The stories the next day (and again I say this without doubt) would have been: "Clinton refused to interact with public during parade" and "Clinton slows small town parade to a halt, upsetting crowd." This is precisely what Team Hillary was trying to avoid. But by doing so, the rope (and the media) became the storyline.

Now, I am no rabid supporter of (or regular apologist for) Hillary Clinton. And I do think the media has a valid point indeed about how Team Clinton manages her press interactions -- she's been an official candidate for months now, and she only this week gave her first sit-down interview with a national media outlet. That's a valid complaint about press access to any presidential candidate. Clinton feeds the frenzy of press scrums (like the one desperately running for a totally banal shot of her) by refusing almost all other casual interactions with the press. If the only shot you can even get is of Hillary walking from a van to a door, then it increases the importance of getting such a shot, in other words. The rope photos seemed, at first glance, to reinforce this theme.

Even with such bad optics, though, Hillary's getting a bum rap. The media were not barred from the event, and they were not relegated to a designated spot along the parade route. Even though dozens of people shouldering television cameras is not a very parade-worthy sight (unless perhaps they broke out into choreographed precision backwards marching), they were still allowed to walk in the middle of the street in front of Hillary Clinton. They had more access then they really deserved, not less. Clinton's aides knew that media scrums follow absolutely no rules of politeness whatsoever, and they tried to avoid delaying the parade for the public. This also allowed Clinton to be clearly seen by the public, and even have a chance to interact with her (shake her hand, yell something rude, whatever). That's why the whole story was a bum rap. It was all about petulant cameramen (and camerawomen) who were denied their sacred opportunity to shove a camera right up Hillary's nostrils, thereby halting the parade and blocking any possible view of her by the spectators. That's precisely what happened, no matter how much the media would like to portray it differently.

Whenever the media "become the story," especially when they're trying for sympathy due to their supposed victimhood, they usually come off looking worse than if they had never tried to make it a story in the first place. Sure, being a reporter is tough and all, especially with a candidate who really doesn't like interacting with you and your fellows.

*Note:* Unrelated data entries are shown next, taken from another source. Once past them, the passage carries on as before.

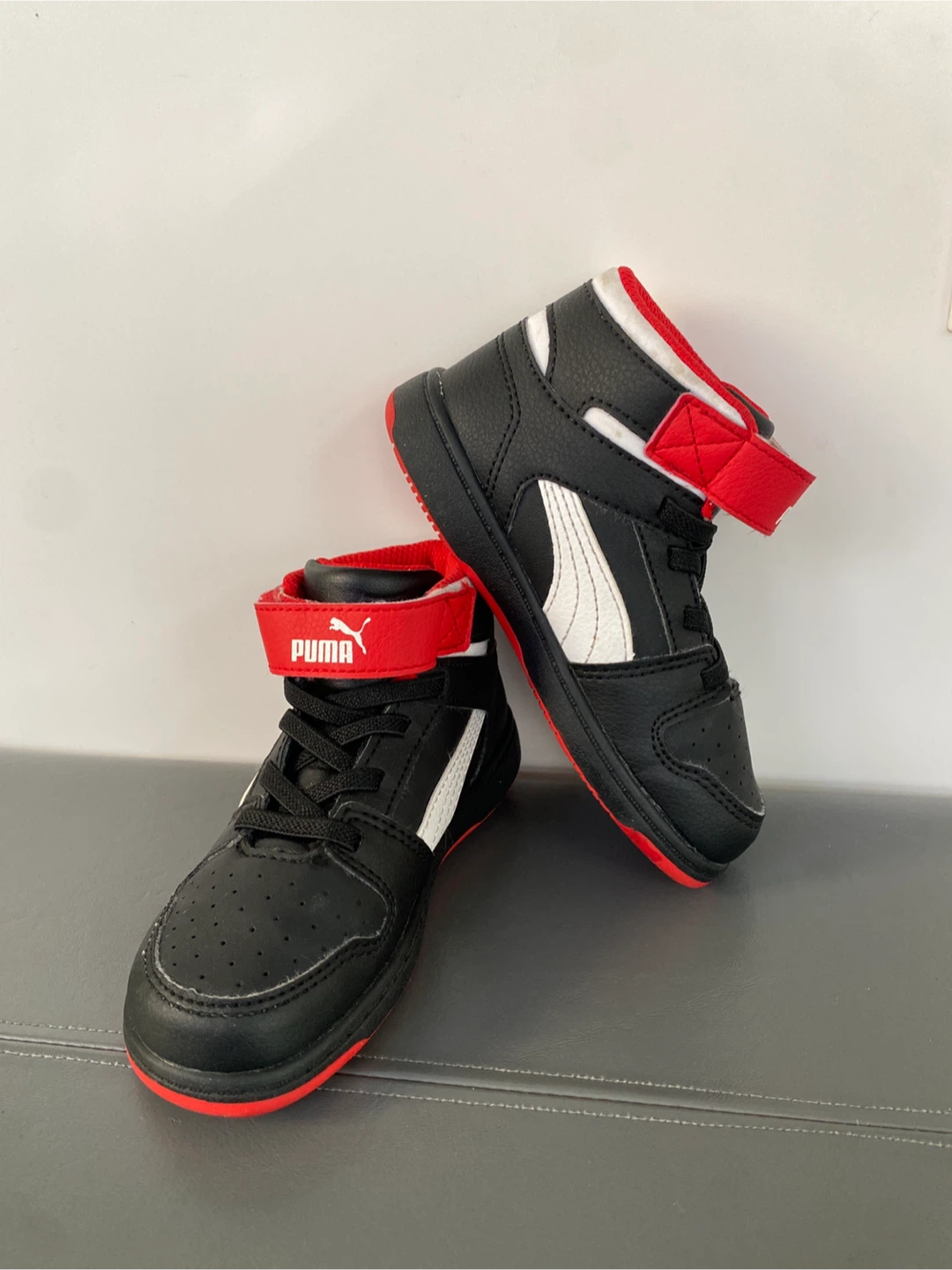 Puma High-Top Sneakers kids size 9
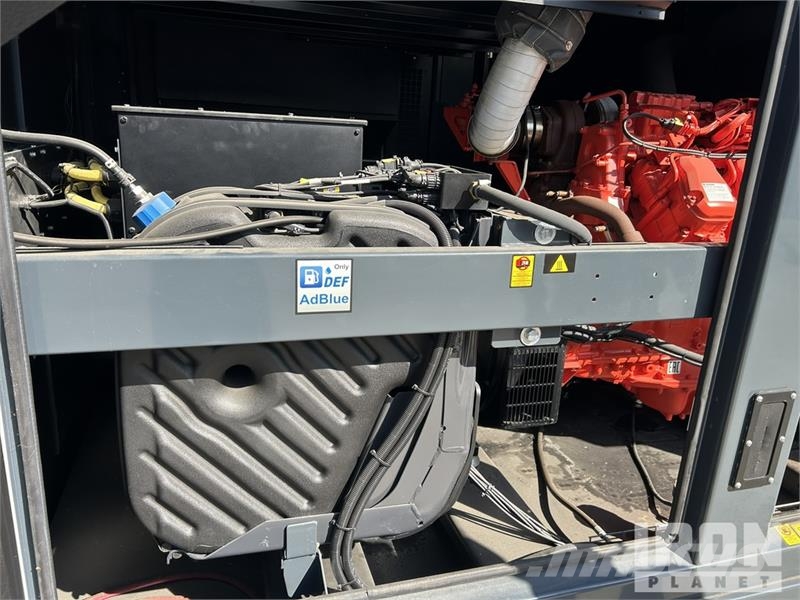 Himoinsa HRSW-550 S5 INS 550 kVA Generator Set Dízel áramfejlesztők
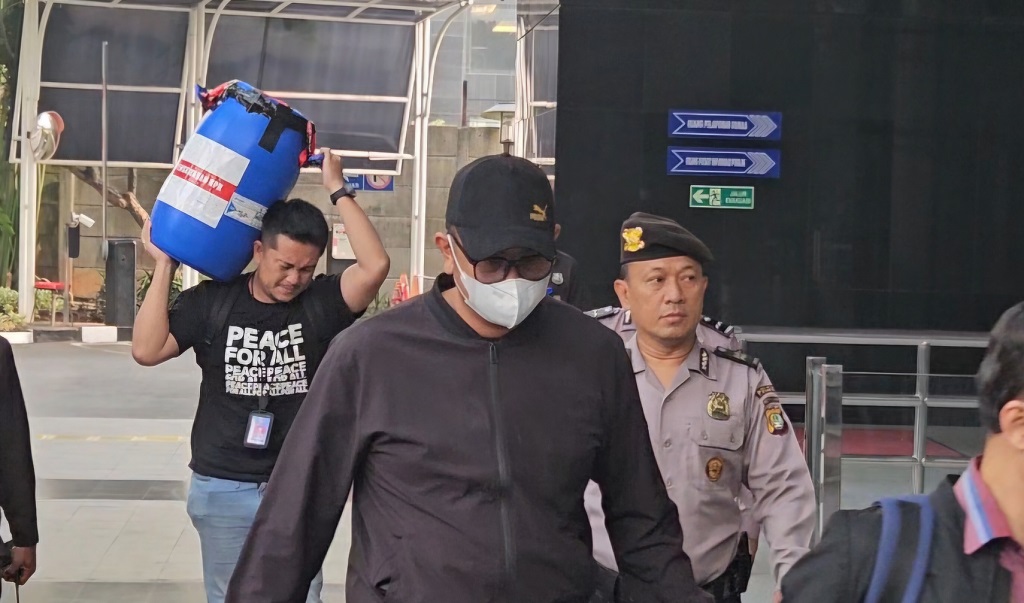 Bupati Klaten Tiba di KPK usai Kena OTT, Petugas Bawa Tong Diduga buat Tampung Uang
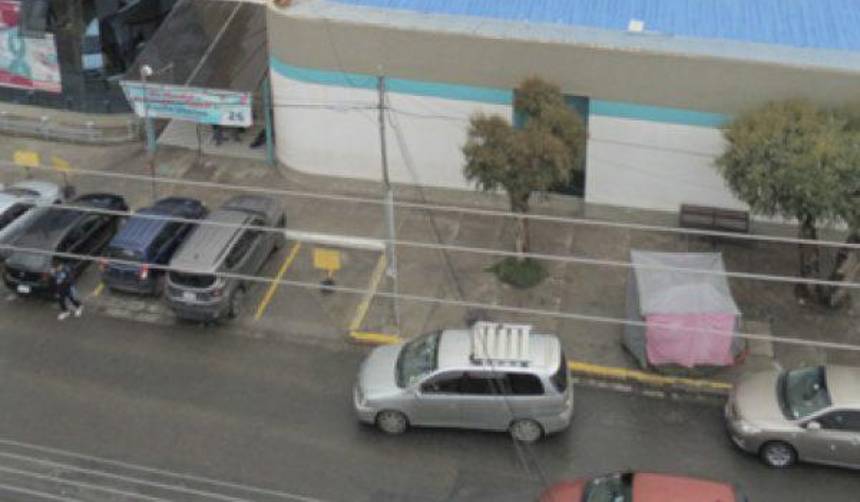 Denuncian consumo de alcohol en un hospital: Despiden a dos bioquímicos y desvinculan a la directora acusada de encubrimiento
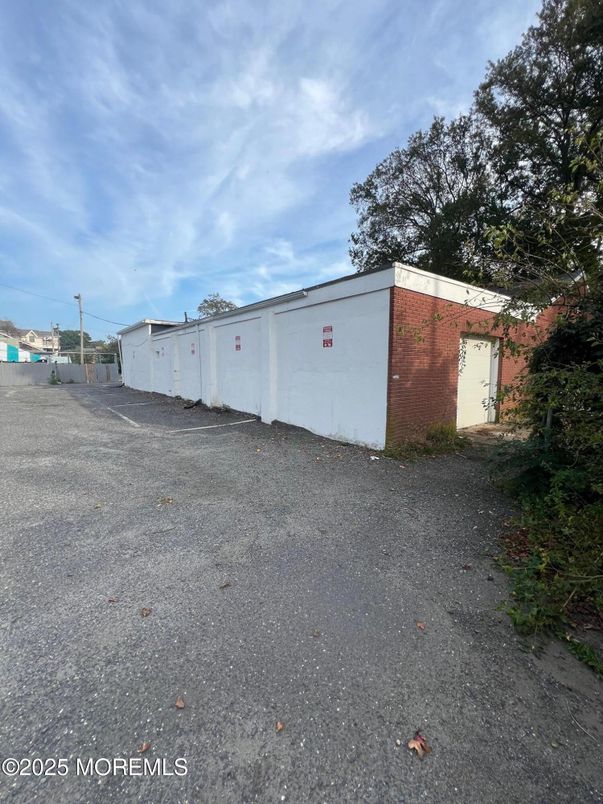 Detached Garage, Exterior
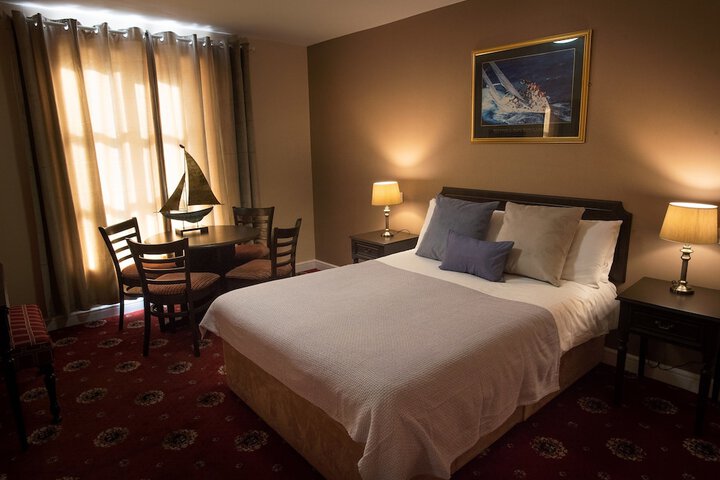 Room 9 of 38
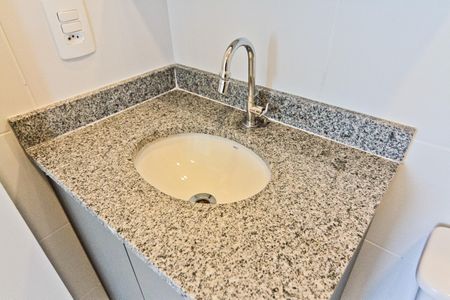 Apartamento para alugar com 36m², 2 quartos e sem vaga Apartamento para alugar com 36m², 2 quartos e sem vagaBanheiro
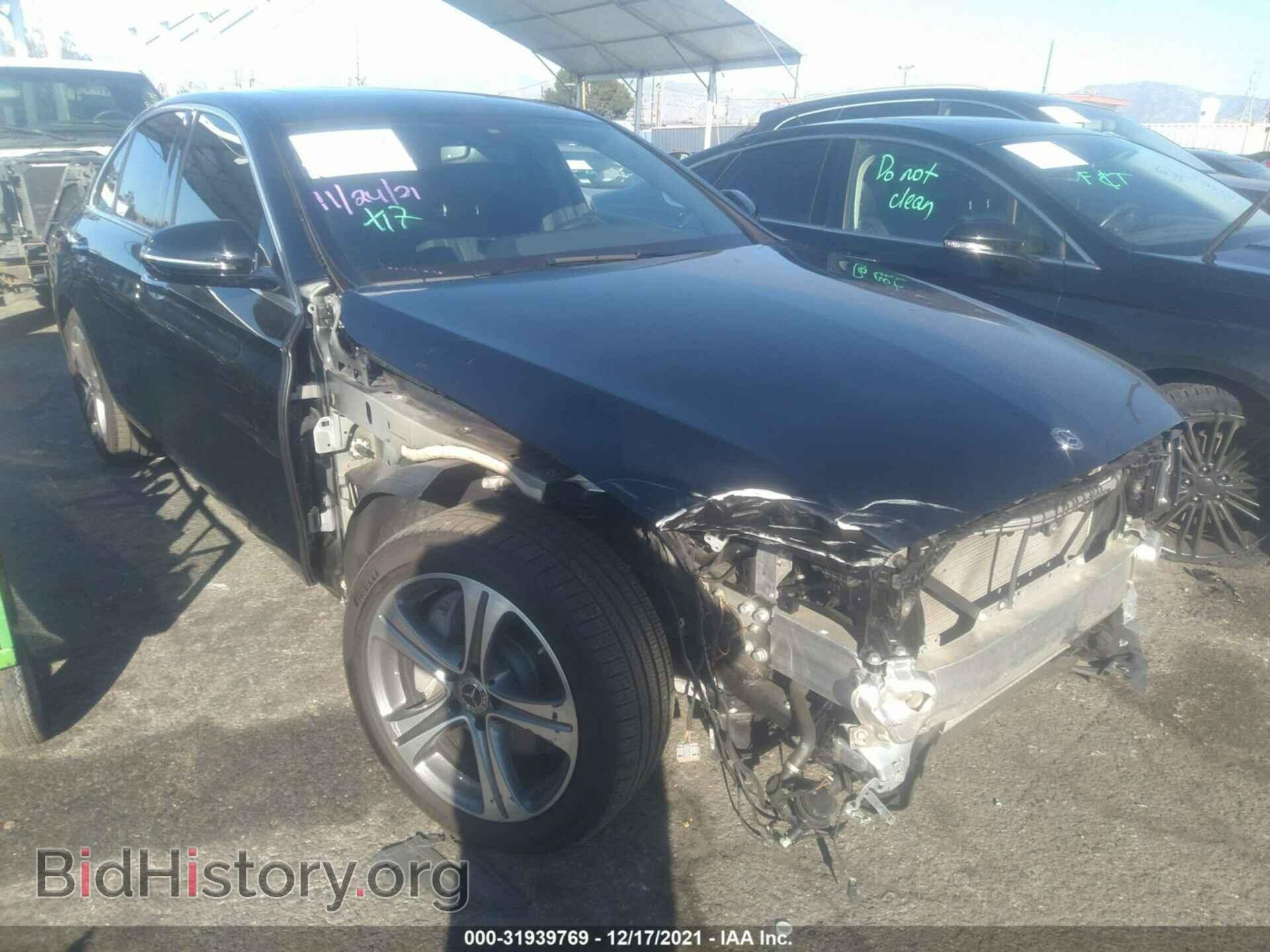 Photo WDDZF8DB2LA751718 - MERCEDES-BENZ E-CLASS 2020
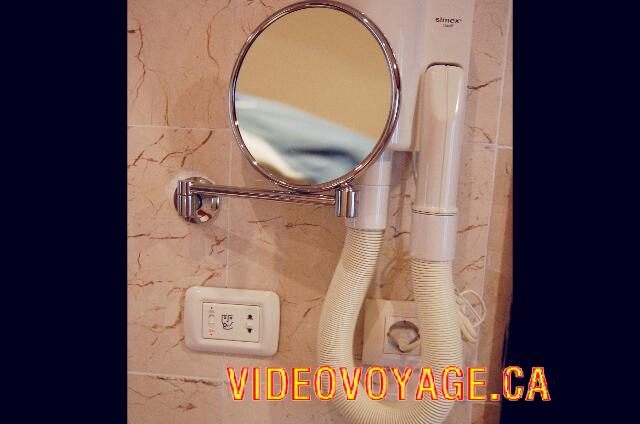 Cuba Varadero blau Varadero Hair dryer, mirror and secure power converter.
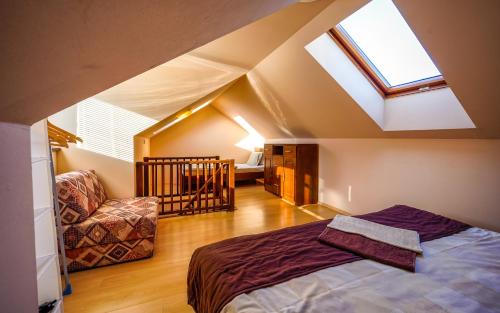 帕维西纳勒霍塔Studio Troika的阁楼卧室配有床和天窗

But when the camera turns around and shows the press scrum itself, the public usually isn't very sympathetic in response.

Alexandra Pelosi used the experience of being a reporter assigned to cover George W. Bush's first presidential campaign to create a documentary movie about how campaigns were covered (Journeys With George). Many excellent books have been written about being part of the campaign media scrum (two of the best: Fear And Loathing On The Campaign Trail '72 and The Boys On The Bus). Bush, in Pelosi's movie, at one point is caught on a live microphone denigrating a reporter in eyebrow-raising terms, but he then turns the joke on its head by presenting all the reporters with baseball jerseys with "Major League Assholes" written on them.

Hillary Clinton's team hasn't shown such anywhere near such dexterity in press relations, but then Hillary Clinton has faced the national media for a lot longer than George W. Bush had when that movie was made. Where Bush responded with humor, Clinton usually responds with exasperation (at times bordering on contempt) towards the media. That's a valid complaint. But whining about a mild inconvenience for photographers which enabled a better parade experience for the public really isn't that big a deal. No matter how bad the pictures look.